In the case of detection of more than one pathogen, rhino/enteroviruses (74% of co-infection cases) were involved in most combinations, followed by adenovirus (30%) and parainfluenza viruses (24%). Furthermore, the combinations of rhino/enterovirus and RSV were the most often observed among all possible combinations (22% of co-infection cases), while the combination of adeno and rhino/enterovirus was in second place (15.2% of co-infection cases).

3.1.3. Pathogen Incidence and Seasonality

Regarding the seasonal distribution of each pathogen, the monthly detection percentage of the five pathogens with the highest incidence (adenovirus, rhino/enteroviruses, SARS-CoV, and influenza A virus) is shown in Figure 2.

3.1.4. Pathogen Incidence by Age

Among the detectable pathogens, mycoplasma was the germ with the highest mean patient age (9.3 years ± 3.9), while the lowest was observed for RSV (2 years ± 2.9). Figure 3 shows the mean age at detection for every respiratory pathogen.
Regarding further grouping into age groups (0–6, 6–12, >12 years), most inpatient cases affected children up to 6 years of age, especially during their first year of life. In the age group of 0–6-year-olds, rhino/enteroviruses (34.6% of positive cases) were the pathogens with the highest incidence, followed by RSV (18.8%). RSV was the virus accounting for most cases in infants <1 year of age (30.3% of positive cases), but rhino/enteroviruses (42%) are the predominant pathogens in the neonatal period (children up to 28 days of life).
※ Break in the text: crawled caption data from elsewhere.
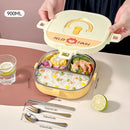 Ljojo 304 Stainless Steel Divided Lunch Box with Cutlery & Leakproof Design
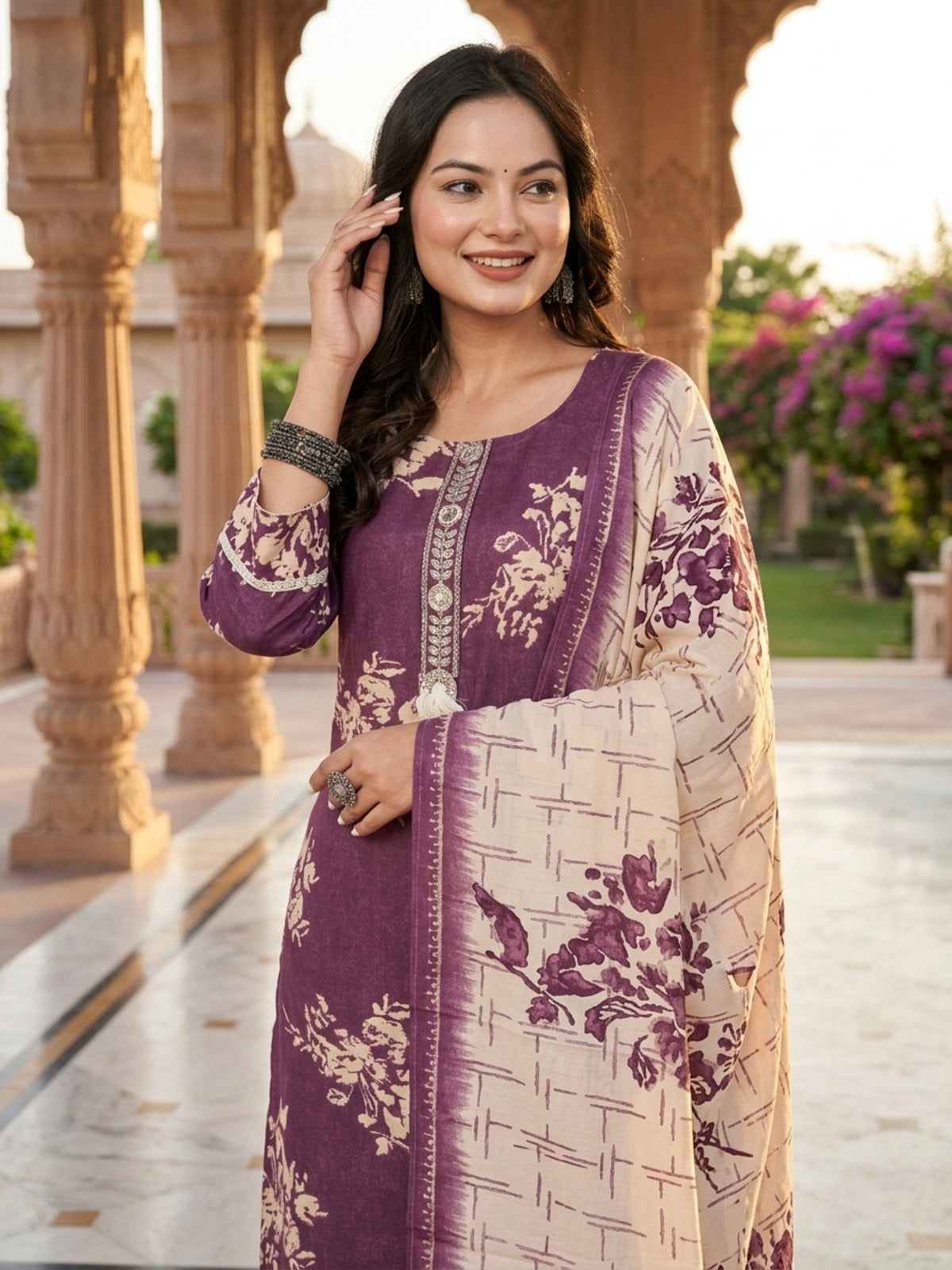 Stella Women Modal Flower Printed Kurta with Solid Trouser & Matching Dupatta Set | Round Neck 3/4 Sleeves Woven Kurta with Elasticated Waistband | Slip-On Bottom | Ethnic Wear | Ank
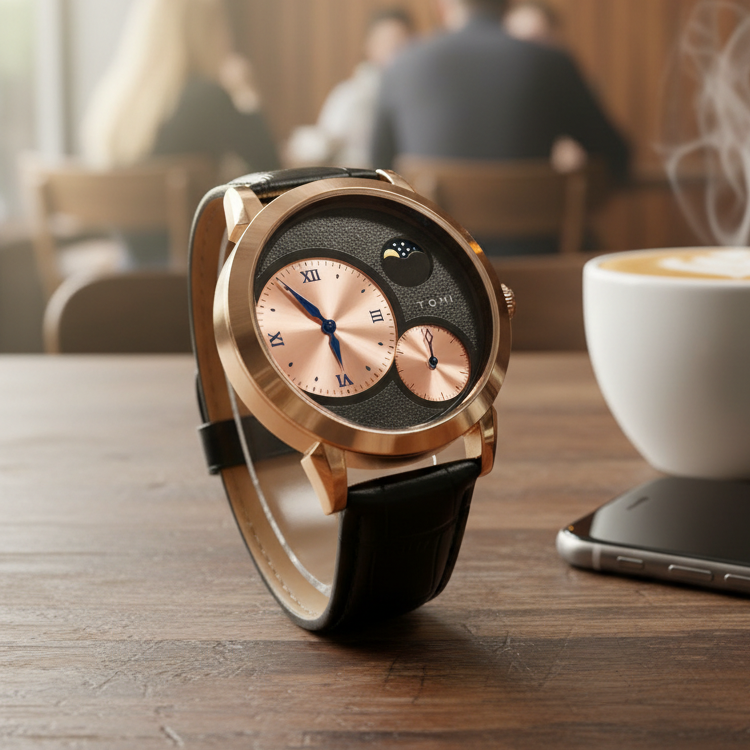 TOMI T-236 Side Second Moon Graph Watch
3.2. Statistical Associations Between Parameters

3.2.1. Association Between Length of Stay and Pathogen Detection

SARS-CoV-2 appeared to be the pathogen with the longest length of stay (5.60 ± 9.04 inpatient days), followed by RSV and B. pertussis, while the shortest stay was observed for influenza virus B (3.71 ± 1.88 days).
Table 2 shows the mean length of hospital stay for all detectable pathogens.
Regarding simultaneous detection of more than one pathogen, Table 3 summarizes the incidence rate and the mean length of stay of each pathogen combination with the 95% confidence interval.
From 2021 to 2023, the relationship between the detection of one or more pathogens and the length of stay of inpatients was controlled. More specifically, regression for categorical data (CATREG) showed that the combinations of rhino/entero- with adenoviruses, rhino/enterovirus with RSV and a triple-detection of parainfluenza virus, and rhino/enterovirus and RSV were not associated with statically significant longer inpatient stays than the detection of each virus alone (p > 0.05).
Contrarily, co-infection with influenza A virus and RSV resulted in significantly longer hospitalization than the detection of influenza A (p 0.01), but not longer than RSV.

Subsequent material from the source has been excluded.